Editorial Article: How new portable technology is redefining the agrohydrological sector

Discover the near-infrared spectrometer that reveals hidden information about plant-water relationships to inform irrigation scheduling

04 Sep 2020

AgrHySMo logo

In this exclusive interview, we speak with Dr. Giovanni Rallo, an associate professor in the Department of Agricultural, Food and Agro-Environmental Sciences at the University of Pisa, to learn how the AgroHydrological Sensing and Modeling (AgrHySMo) laboratory uses the ASD FieldSpec 4 Standard-Res Spectroradiometer from Malvern Panalytical to reveal hidden information about plant-water relationships.

What are the overall aims of the AgrHySMo Lab?

The AgrHySMo lab harmonizes the three pillars of knowledge (research, application, and teaching) with the aim of transferring these to the irrigation industry and higher education sectors. Therefore, our research is always motivated to address critical societal needs through technological advances. Moreover, our work can be applied for drought mitigation and converging social crises concerning the use of water resources. The integration of such “Third Mission” activities with agronomic-based research sectors addresses the question of optimal irrigation management, including how to manage existing water stress with the most modern water-saving strategies, as opposed to finding out how to avoid it.

For this purpose, all suggested technologies for scheduling irrigation are associated with feed-forward and feed-back control irrigation protocols. With feed-forward protocols, the crop water requirements are simulated by agrohydrological or spectral models. With feed-back control of irrigation, the farmer maintains the soil-crop water status within a certain pre-defined range and acquires an awareness of this status through ordinary and spectral sensor systems, at the local or distributed scale.

AgrHySMo Team

The team at AgrHySMo Lab (L to R: Giovanni Rallo, Àngela Puig-Sirera and Andrea Sbrana) follows six integrated research lines aimed to develop smart systems and innovative protocols for irrigation water resource management at the micro- and mesoscale.

What projects are the AgrHySMo Lab working on at the moment?

The AgrHySMo Lab has six research lines aimed to develop smart systems and innovative protocols for water resource management at the micro and mesoscale. Two of these projects are at the frontier of the agrohydrological sector.

At the moment, the laboratory is running a project focusing on my invention, the ATMOSMART – a system for the determination of the real evapotranspiration of a vegetated surface (patents WO2019244057A1; IT201800006477A1). One new advancement of ATMOSMART involves the implementation of micro-mechatronics elements developed by Prof. Vishnu Sundaresan of the Integrated Material Systems Laboratory, University of Ohio.

Another facet of this research regards the application of field spectroscopy to perform very fine vegetation water status monitoring protocols. For this research line, we aim to estimate the vegetation water potential components and the pressure-volume curve parameters on intact olive vegetative organs.

The aim is to combine these two projects to define a sophisticated device for determining the precise irrigation amount using the ATMOSMART and the precise irrigation timing with the hyperspectral spectroradiometer.
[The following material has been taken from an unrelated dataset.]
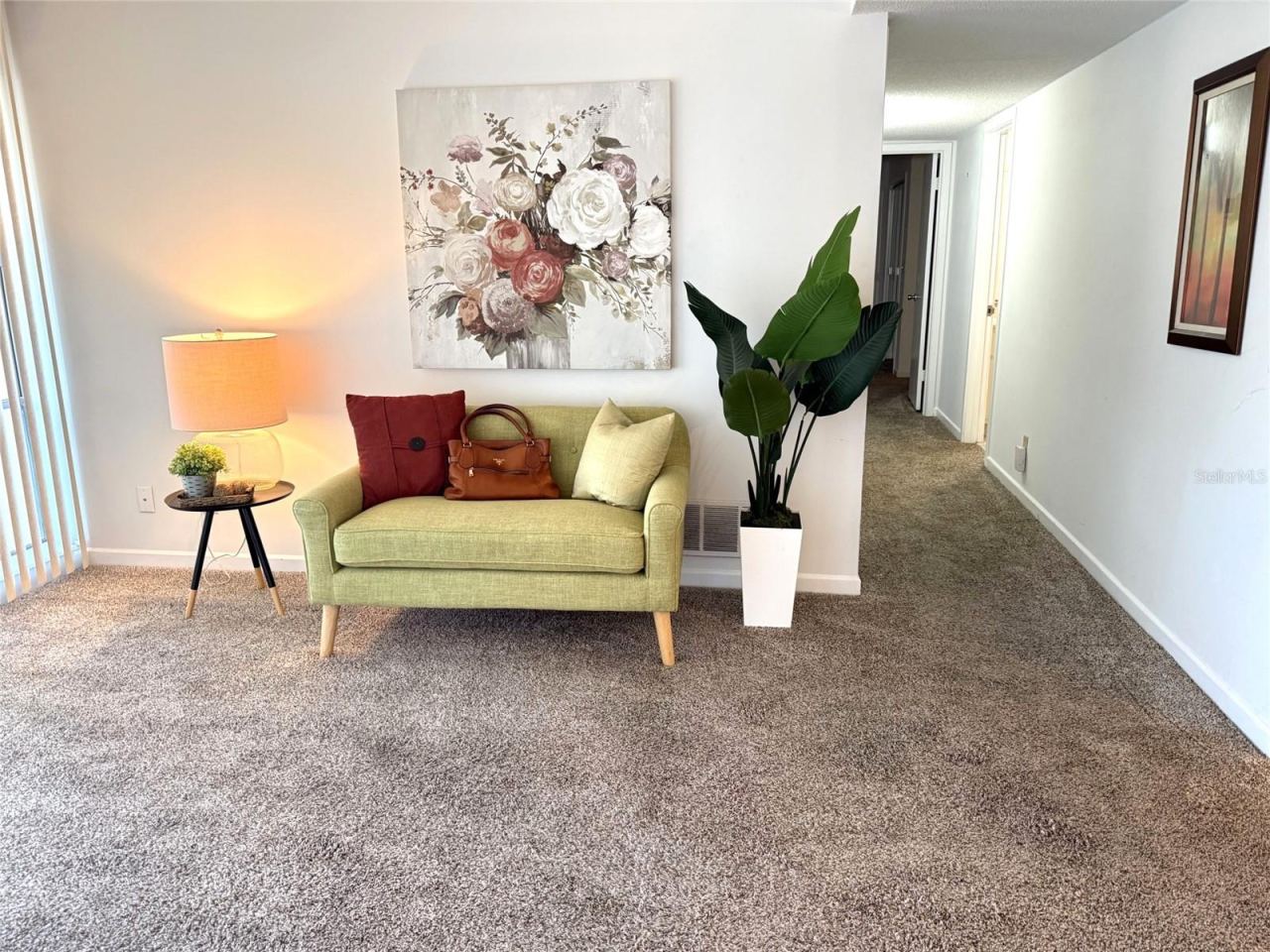 Photo 4 of 20: CARPETED LIVING AREA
The latter should be considered as a crucial and innovative step to estimate the plant water status and particularly the vegetation water potential and its components. These measurements represent important variables implicated in crop-water relationships and have potential in wider investigations related to irrigation scheduling and drought monitoring. 
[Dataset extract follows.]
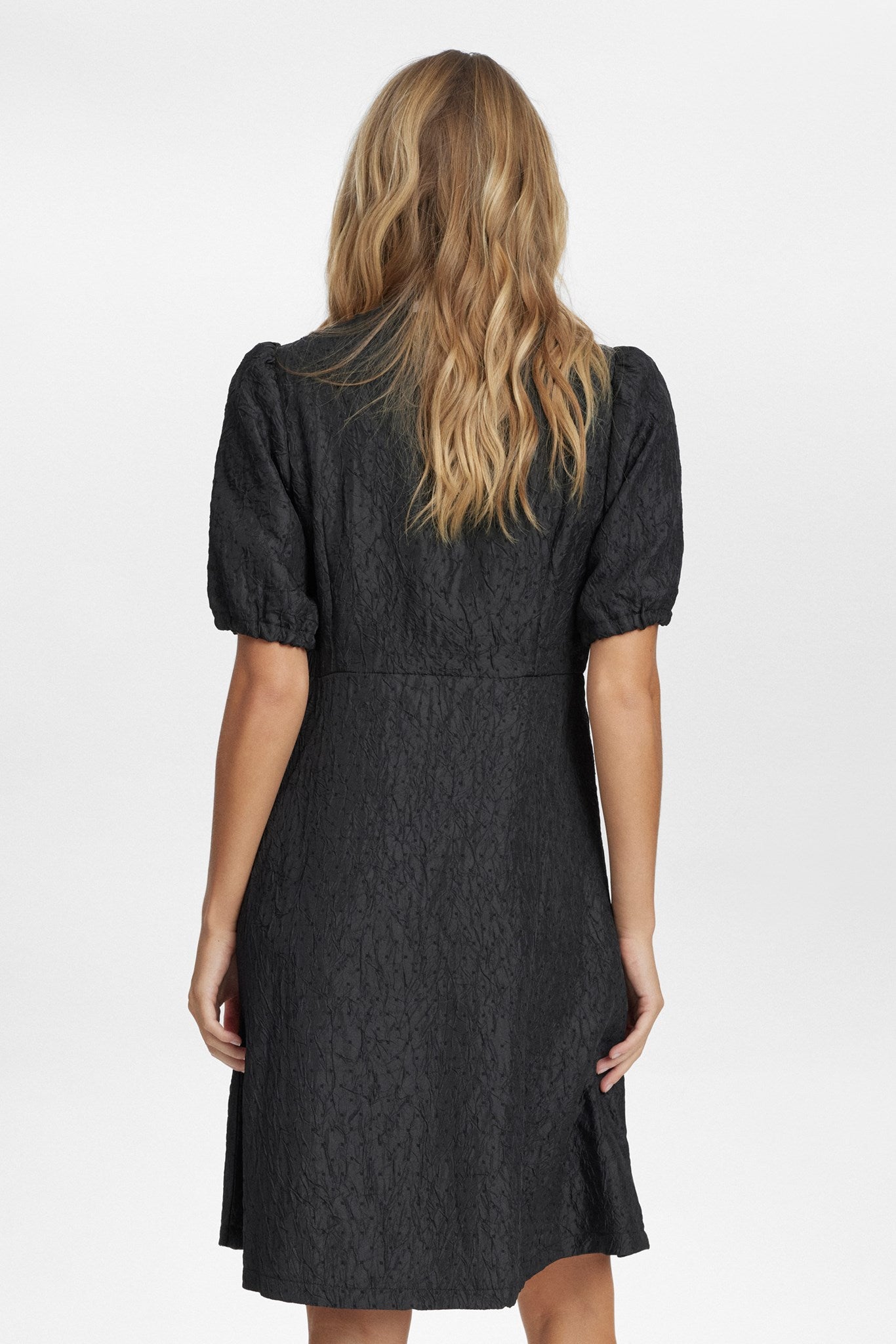 NUDANIELLE DRESS - Caviar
How do you use the ASD FieldSpec 4 Standard-Res Spectroradiometer?

This is a powerful tool to estimate the vegetation water status as well as the components of water potential

The high performance of the FieldSpec 4 allows for the characterization of more detailed spectral features, including the minor changes in the shape or position of a peak, which helps to reveal hidden information that can explain the physical properties of a plant. In particular, the active dynamic changes in the equilibrium of plant water potential components (osmotic and turgor water potentials) that are frequently recognized in olive trees, can be evaluated through the analysis of the leaf spectral signature. This is a powerful tool to estimate the vegetation water status as well as the components of water potential. Moreover, the proposed methodology can be practically applied for studies related to plant-water relationships, irrigation scheduling, and drought monitoring.

Would you recommend the ASD FieldSpec 4?

Yes. The FieldSpec 4 is a very easy-to-use and powerful device that allows us to achieve reproducible results at a small (leaf) and large (canopy) scale. It is a very smart device for spectral acquisition at the leaf scale through the use of the contact probe and the ViewSpec software. The optimization phase of the radiation regime is very rapid and the quality of the spectra is excellent, with little noise or shift at the sensor's edge points. I recommend it for the high-accuracy spectral data. In my experience, I quantified very small variations in cell structural properties and water content of the olive leaf. Consequently, I enhanced my research quality and reached high-profile journals. The device allows water and energy cost-savings as a tool for water resource management.

What do you see for the future of agrohydrological research?

I can imagine that the next generation of farmers will be equipped with miniaturized spectroradiometers that, in synergy with an ATMOSMART, instruct a prompt and accurate irrigation decision support system.